Labor and Employment Secretary Rosalinda Dimapilis-Baldoz enjoined employers in the private security industry to comply with Department Order No. 150-16, or the “Revised Guidelines Governing the Employment and Working Conditions of Security Guards and other Private Security Personnel in the Private Security Industry, to ensure that mandated employment benefits and working conditions for security guards and other private security personnel are properly given.

 

“I enjoin all employers in the private security industry to comply with D.O. 150-16 which spelled out the rules on employment and working conditions of security guards and other security personnel who put their lives and limbs on the line in the performance of their duties,” said Baldoz.

 

D.O. 150 amends Department Order No. 14, Series of 2001 by introducing key improvements in simplifying description of employment status. It also specifies the composition of a service agreement; stipulates the rights and benefits of a security personnel; and explains further the rules on deductions for loss or damage as well as deductions for the cash bond.

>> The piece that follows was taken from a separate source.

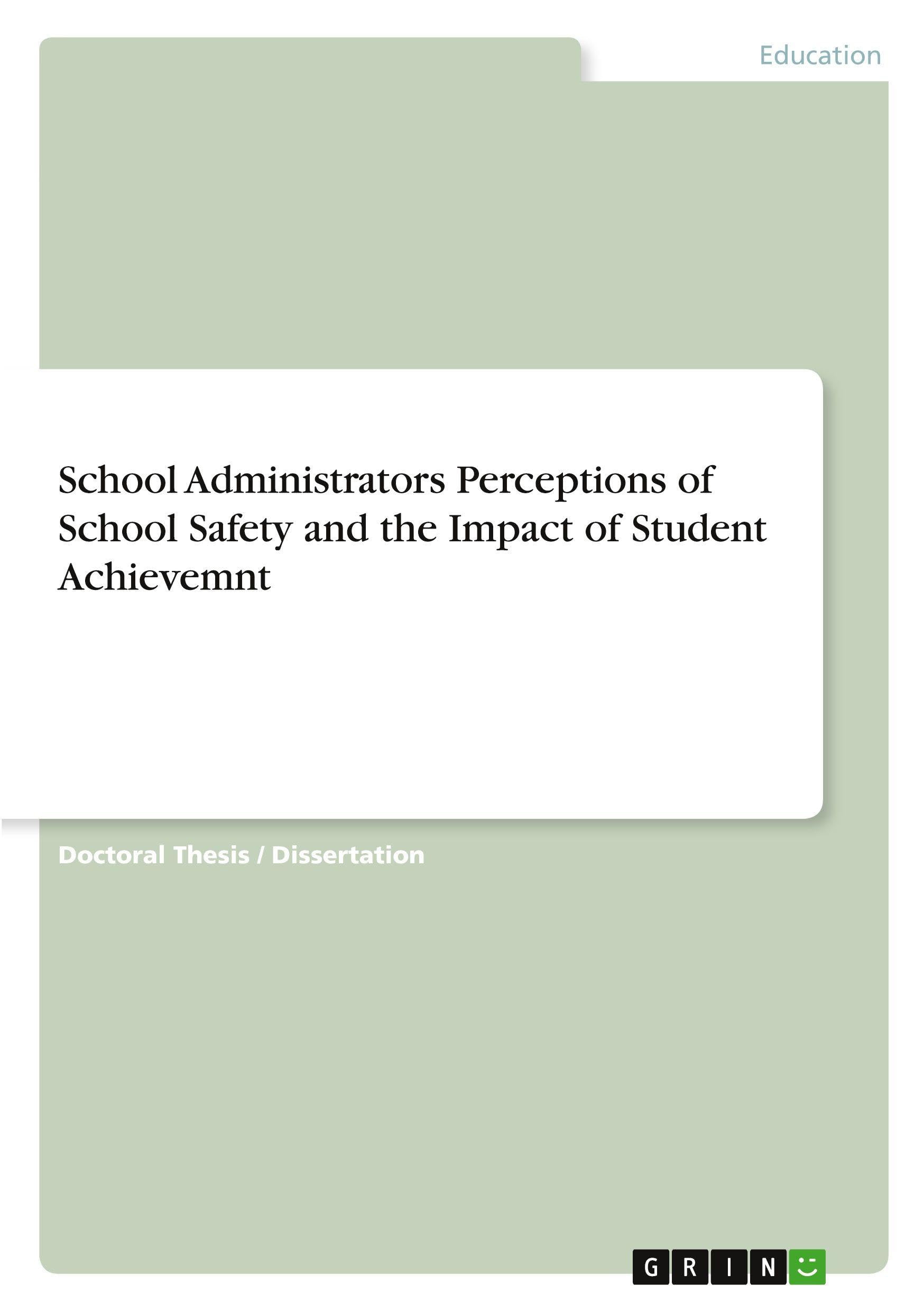 School Administrators Perceptions of School Safety and the Impact of Student Achievemnt Books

The Labor and Employment Chief added that D.O. 150-16 concretized the guidelines toward voluntary compliance of security agencies with general labor standards (GLS) and occupational safety and health standards to ensure the social welfare and protection of security guards.

 

D.O. 150-16 also states that security guards and other private security personnel assigned to a person or company/principals are considered employees of the security service contractor or private security agency (PSA). When a service agreement is entered into between a PSA and a principal, the DOLE Regional Office concerned can order the parties to submit to them a copy of the agreement.

 

“The service agreement between the two parties should contain, among others, provisions relating to the nature of the work to be done, its terms and conditions, and the basic equipment to be provided to the guards,” said Baldoz.

 

D.O. 150-16 also provides for “automatic crediting provision” in the service agreement.  This means that in case DOLE’s Regional Tripartite Wages and Productivity Boards issue wage orders increasing the wages and other wage-related benefits of minimum wage earners, the principal shall shoulder the increase and the agreements shall be deemed amended accordingly.
This means the burden of making upward adjustments in the guards’ wages pursuant to DOLE’s orders has to be assumed by the principal even if they are considered employees of the PSA, and not of the principal.

 

In addition, the private security agency should make an undertaking to directly remit every month the employer’s share and employee’s contribution to the Social Security System, Employees Compensation Commission, Philippine Health Insurance Corp., and Home Development Mutual Fund.

 

The revised guidelines also provides for the inclusion of the Single Entry Approach (SEnA) program and the oversight function of the National Tripartite Industrial Peace Council and the Private Security Industry Tripartite Council, and a provision increasing the administrative fee of private security establishments from 10 percent of the total contract cost to not less than 20 percent of the total contract cost.

 

D.O.  150-16 also recommended formulas for the computation of the equivalent monthly rates of security guards and security personnel to ensure uniform treatment in the computation of wages and other wage-related benefits.  The formulas can be used to determine the guards’ equivalent monthly rates using their applicable daily rate.
The formulas take into consideration the number of days the guards are required to work in a year and whether or not they are considered paid or unpaid on Sundays, holidays and rest days.

 

D.O. 150-16 also emphasized that security guards and security personnel are entitled to retirement benefits under Republic Act Nos. 7641 and 1161 as amended by Republic Act No. 8282, and retirement plans of the security service contractor, if any; social security benefits; rights to self-organization and collective bargaining, subject to the provisions of existing law; and security of tenure.